What needs to be done ->
Give back every record exactly, with its pictures left out.

[Image-caption web data]
════
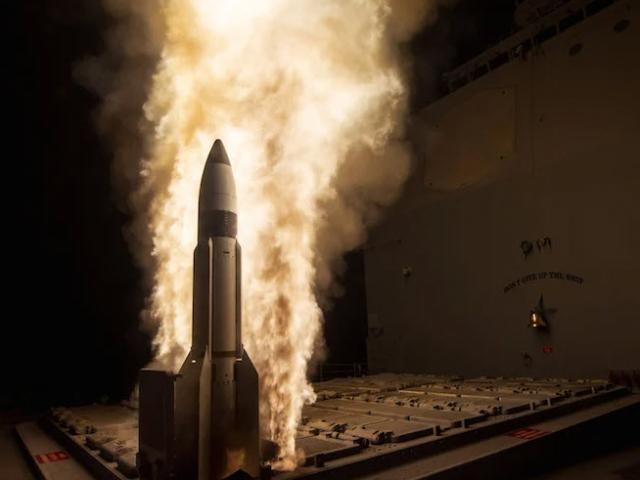 Media - Khám phá sức mạnh kinh hồn từ siêu tên lửa SM-6 của Mỹ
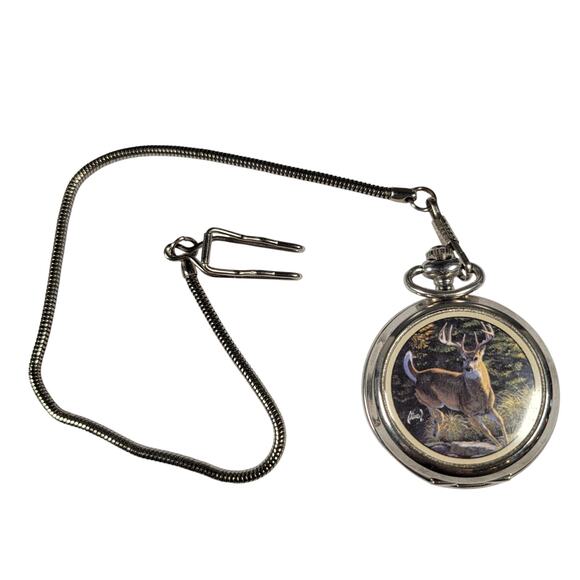 Vintage Wildlife Pocket Watch with Deer Art Design, 14" Chain, Silver-Tone Works - Picture 3 of 14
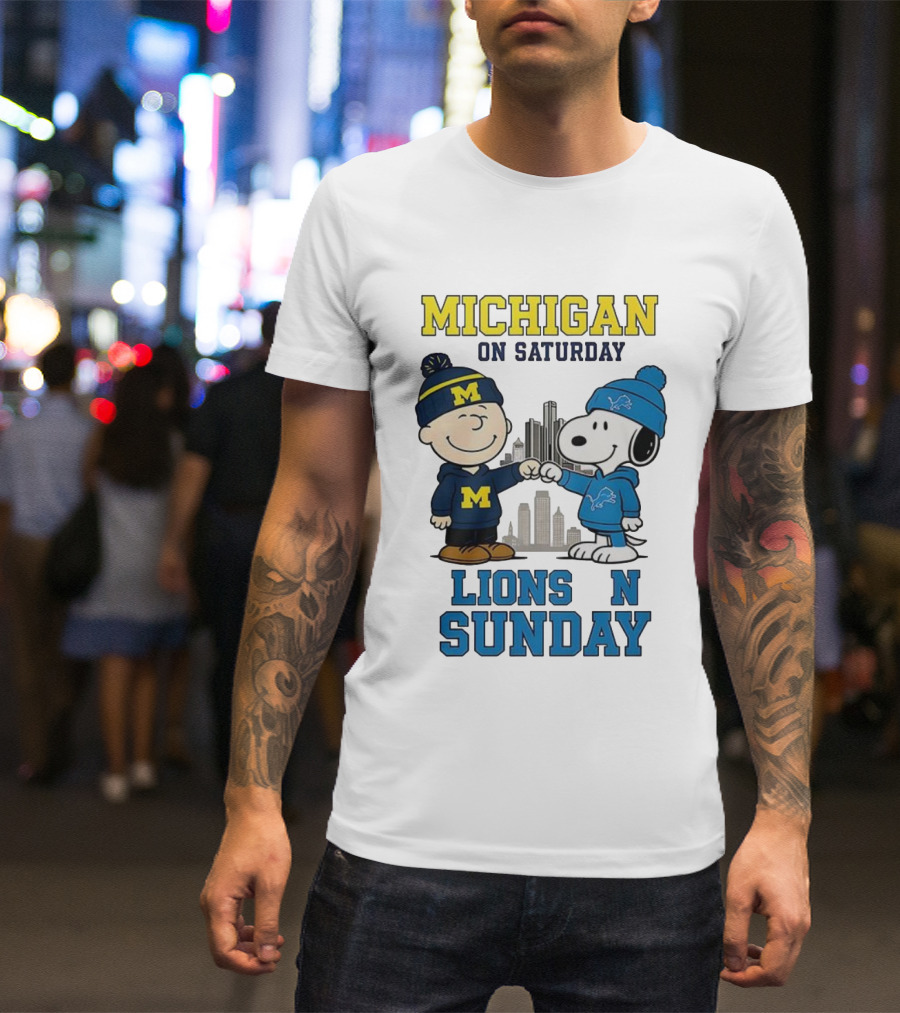 Michigan Wolverines On Saturday Charlie Brown And Snoopy Lions On Sunday T-Shirt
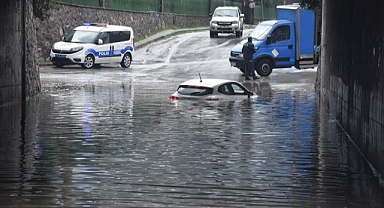 İzmir'de sağanak hayatı olumsuz etkiledi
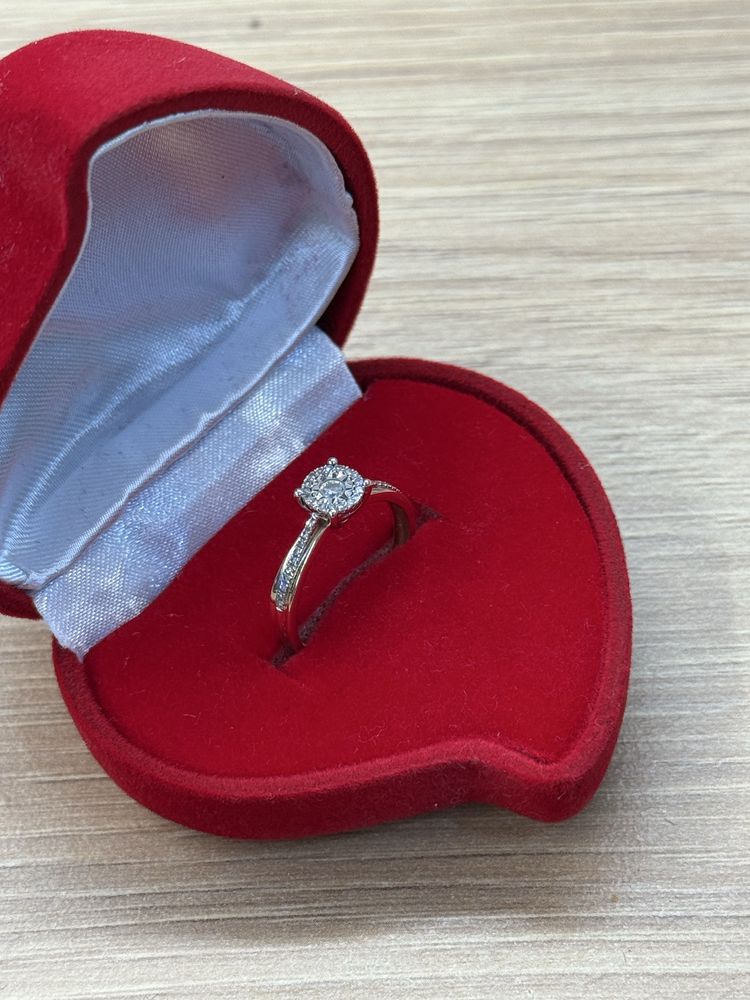 Pierścionek zaręczynowy z brylantem-diamenty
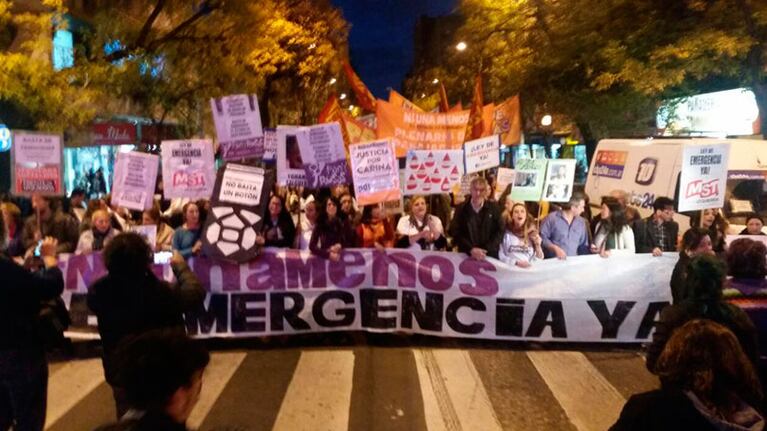 Decenas de personas se movilizaron por las víctimas de femicidio.
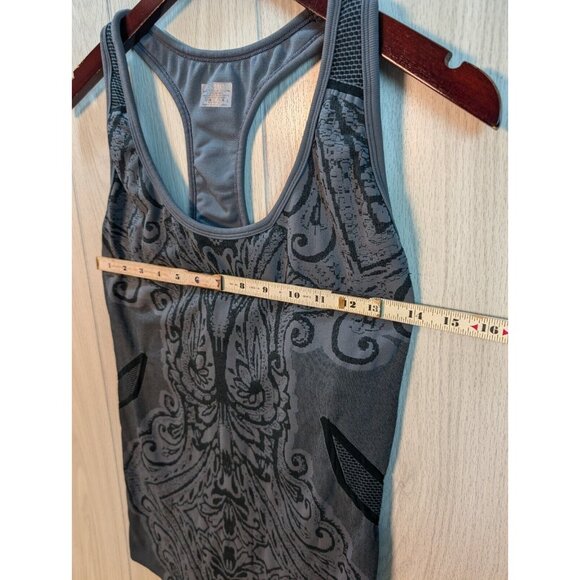 Athleta Momentum Seamless Light Gray Scoop Neck Racer Back Tank Top Size L READ - Picture 4 of 6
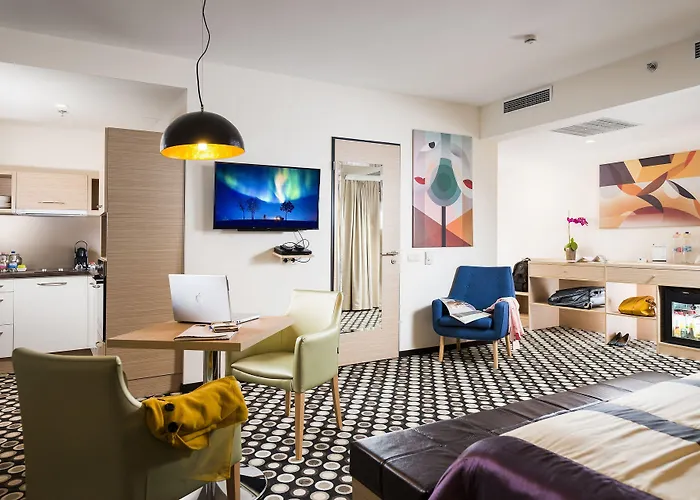 Bo33 Family & Hotel 4*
════
Answer below ->
 Media - Khám phá sức mạnh kinh hồn từ siêu tên lửa SM-6 của Mỹ
 Vintage Wildlife Pocket Watch with Deer Art Design, 14" Chain, Silver-Tone Works - Picture 3 of 14
 Michigan Wolverines On Saturday Charlie Brown And Snoopy Lions On Sunday T-Shirt
 İzmir'de sağanak hayatı olumsuz etkiledi
 Pierścionek zaręczynowy z brylantem-diamenty
 Decenas de personas se movilizaron por las víctimas de femicidio.
 Athleta Momentum Seamless Light Gray Scoop Neck Racer Back Tank Top Size L READ - Picture 4 of 6
 Bo33 Family & Hotel 4*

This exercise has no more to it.